Looking at the economics
For a variety of reasons, the most attractive locations for multifamily firms to do business are in those 31 states that have rent control preemptions. But there are no guarantees. Even in landlord-friendly Texas, inflation and severe housing shortages could push some cities toward rent control.
“We have to invest in projects and in markets where we can earn an appropriate risk-adjusted return,” said Laurie Baker, COO of Camden Property Trust. “There are always cost considerations and that’s what’s missing in these rent control conversations. Nobody is talking about the increase in costs. But you (need) revenues to offset the increase in taxes, increases in insurance, increases in salaries and the maintenance. It makes the numbers difficult to achieve if your rent growth is capped at some arbitrary number.”
Camden operates a geographically diverse portfolio of multifamily assets in 15 high-growth, business-friendly markets.
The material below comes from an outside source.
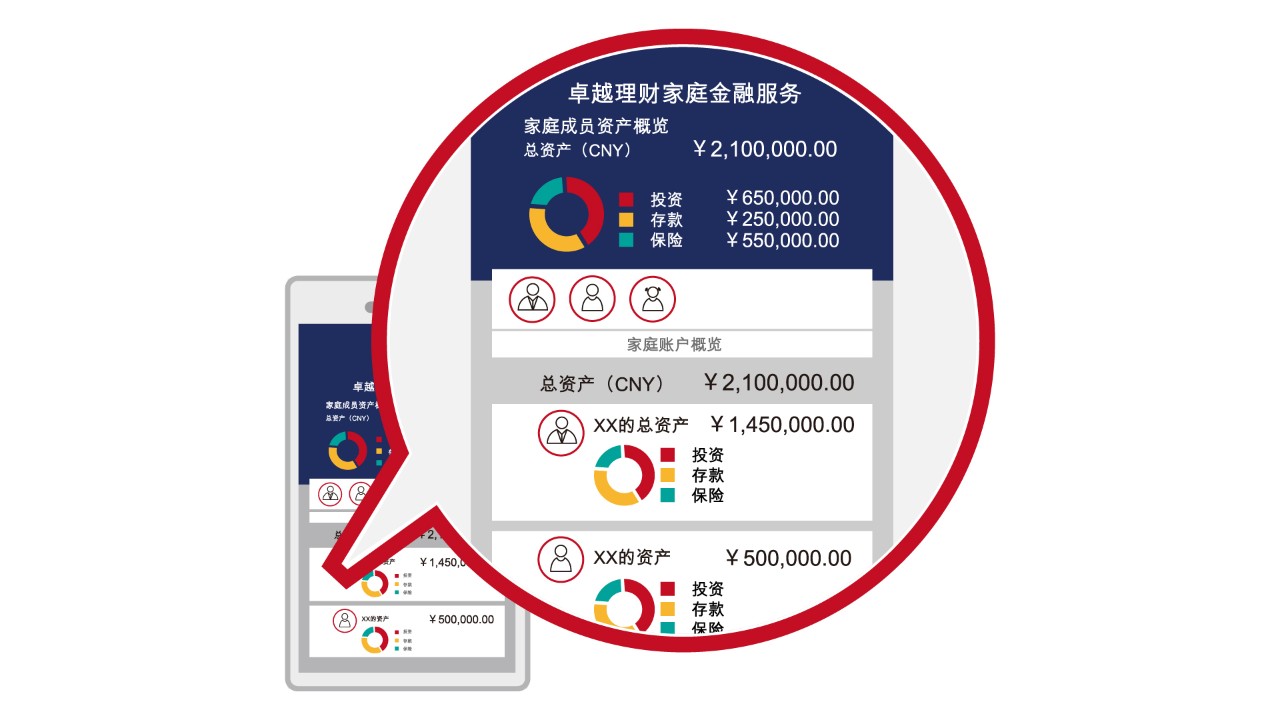 imtoken提现到银行卡_imtoken钱包提现教程_imtoken钱包怎么提现到银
The company is constantly seeking opportunities to expand its operating platform through new development or acquisitions. But Baker noted that the expansion of rent control in a market—especially for newly constructed properties—quickly changes the economics and negatively impacts the feasibility to develop.
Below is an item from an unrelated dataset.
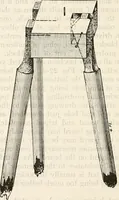 An illustration from Military sketching and map reading; including panoramic sketching and aerial photography (1921)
Camden keeps an eye on regions that show signs of becoming less landlord-friendly. More California cities, for example, are showing an interest in rent control since the California Tenant Protection Act went into effect on Jan. 1, 2020. This state law limits rent increases and removes the right of landlords to evict tenants without just cause. It also restricts the allowable annual rent increase to 5 percent plus a local cost-of-living adjustment of no more than 5 percent for a maximum increase of 10 percent.
“Orange County, Fla., has been a topic of discussion, so we’re monitoring that market and what happens in the coming elections because we have 10 communities there,” said Baker. “We’re also keeping an eye on Colorado. In the last couple of years there have been some proposals in certain areas for rent control.”
The rent control discussion is happening all around the country. Lapides warns that the apartment industry must be mindful, vigilant and vocal. “No other group or industry is going to rescue us from these bad policies,” he said. NMHC has developed resources available at GrowingHomesTogether.org to help the industry talk about housing affordability and rent control.